[Dataset extract — start]
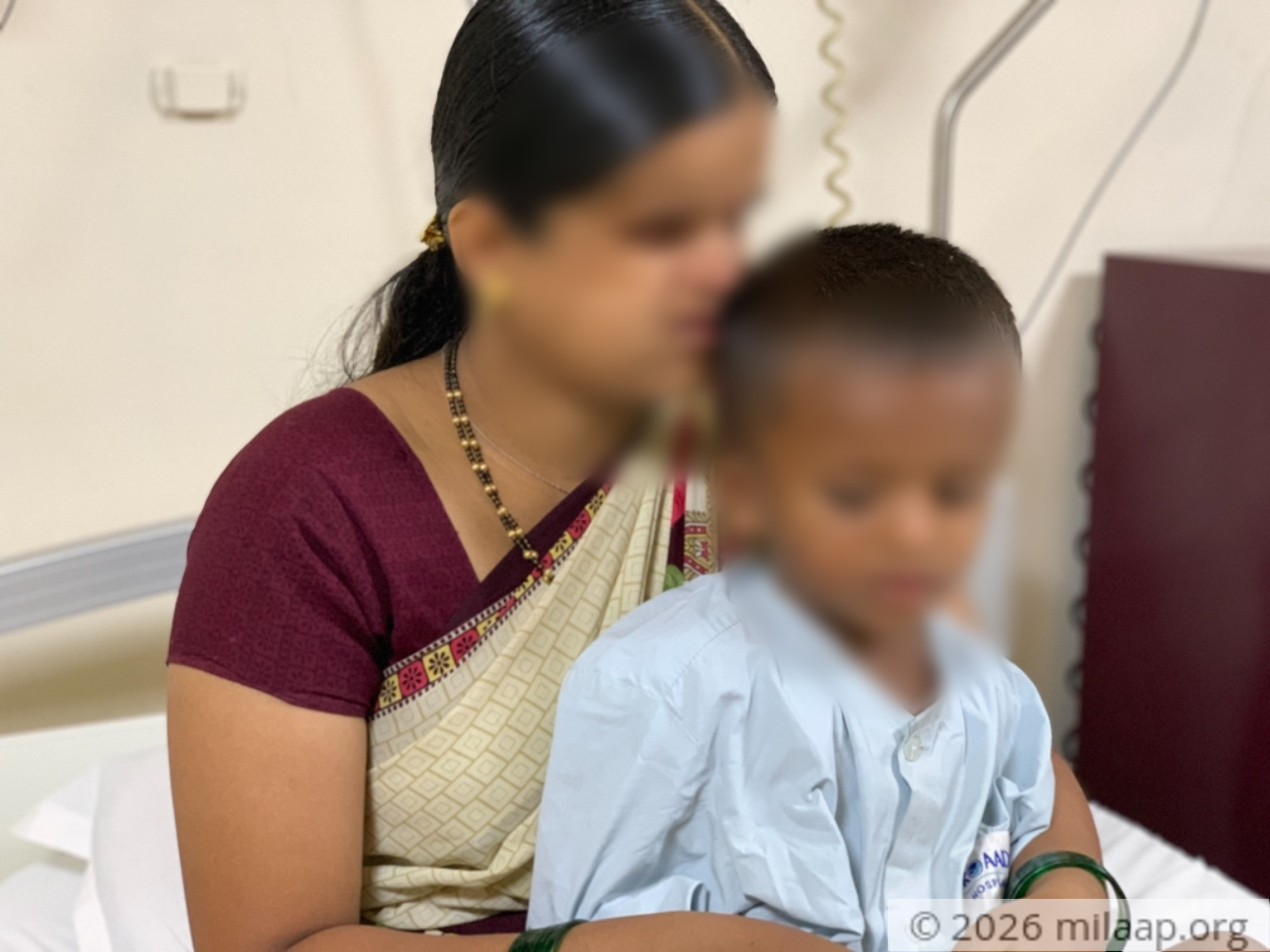 49eb900e 6800 4f23 acfd 1d56059fa70a dsiwek 1589176976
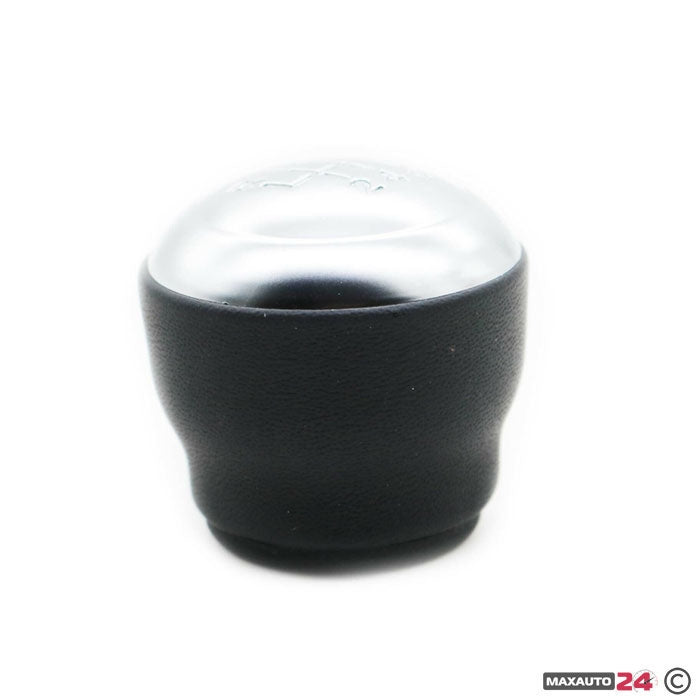 Топка за скоростен лост съвместима с KIA / HYUNDAI - 6 скорости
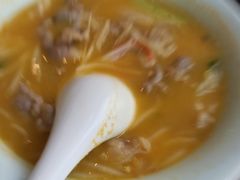 -大树餐厅(红旗街万达店)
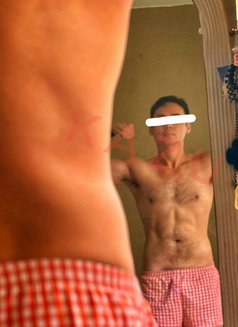 Photo 27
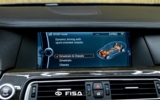 vehicle image #33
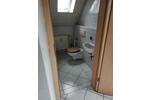 Dachgeschoßwohnung Krickenbach - 4 Zimmer, 108 m&sup2;, 1.200&euro; | Angebot:26185166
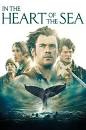 Image result for heart of the sea film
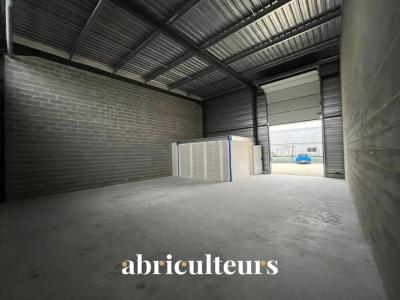 Location Bureau GASVILLE-OISEME 28300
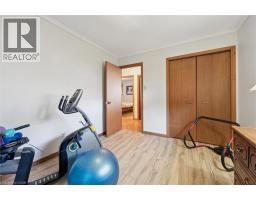 322 CONSERVATION Drive - 21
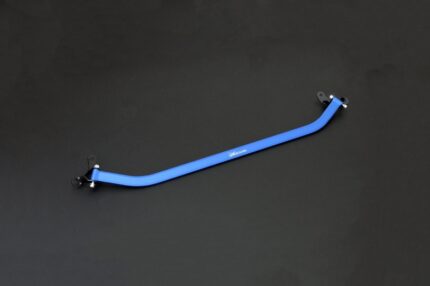 Front Strut Brace Luxgen S5, U6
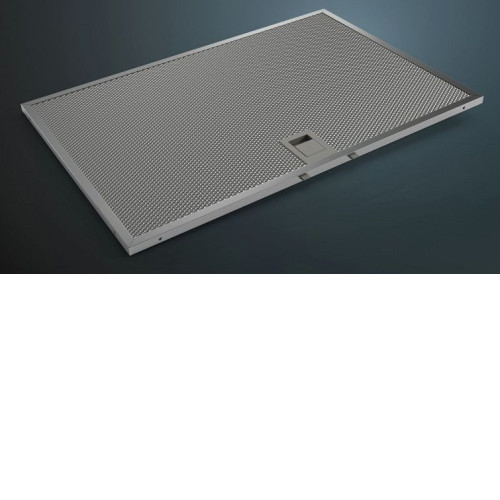 Вытяжка Siemens LC 67 FQP 60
[Dataset extract — finish]
From the line that contains "-大树餐厅(红旗街万达店)" to the last line of the data, print each line exactly, both ends included, and omit the pictures.

# [Exercise result]
 -大树餐厅(红旗街万达店)
 Photo 27
 vehicle image #33
 Dachgeschoßwohnung Krickenbach - 4 Zimmer, 108 m&sup2;, 1.200&euro; | Angebot:26185166
 Image result for heart of the sea film
 Location Bureau GASVILLE-OISEME 28300
 322 CONSERVATION Drive - 21
 Front Strut Brace Luxgen S5, U6
 Вытяжка Siemens LC 67 FQP 60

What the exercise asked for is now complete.